Collected material Block Start

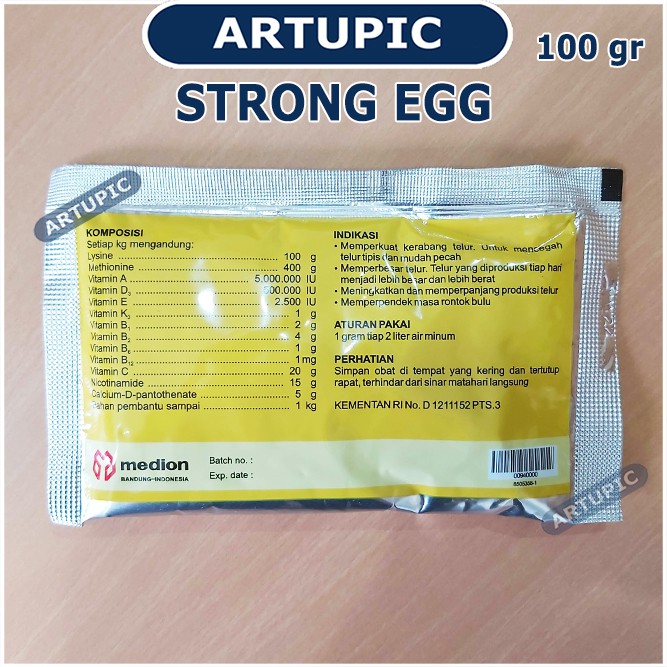 Strong Egg 100 gram Vitamin Peningkat Berat Telur Produksi Ayam Unggas Petelur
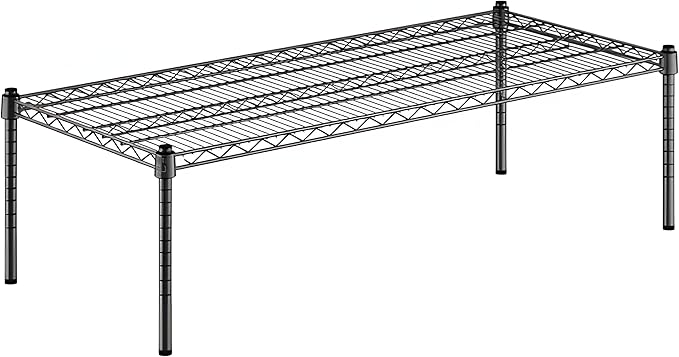 21" x 48" x 14" Black Epoxy Wire Storage Shelf, Dunnage Rack, Commercial 1 Tier Small Shelf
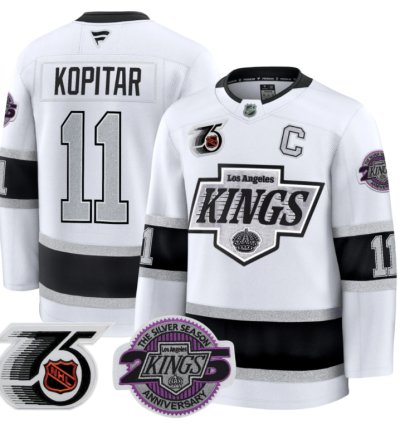 Men Anze Kopitar Jersey 11 Los Angeles Kings 91-92 75th 25th Anniversary White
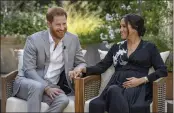  ?? JOE PUGLIESE — HARPO PRODUCTION­S ?? Prince Harry and Meghan, Duchess of Sussex, speaking about expecting their second child during an interview with Oprah Winfrey.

Collected material Block End

* [Exercise goal] Hand back the data above exactly, leaving out all pictures.

* [Solution for this task]
 Strong Egg 100 gram Vitamin Peningkat Berat Telur Produksi Ayam Unggas Petelur
 21" x 48" x 14" Black Epoxy Wire Storage Shelf, Dunnage Rack, Commercial 1 Tier Small Shelf
 Men Anze Kopitar Jersey 11 Los Angeles Kings 91-92 75th 25th Anniversary White
  ?? JOE PUGLIESE — HARPO PRODUCTION­S ?? Prince Harry and Meghan, Duchess of Sussex, speaking about expecting their second child during an interview with Oprah Winfrey.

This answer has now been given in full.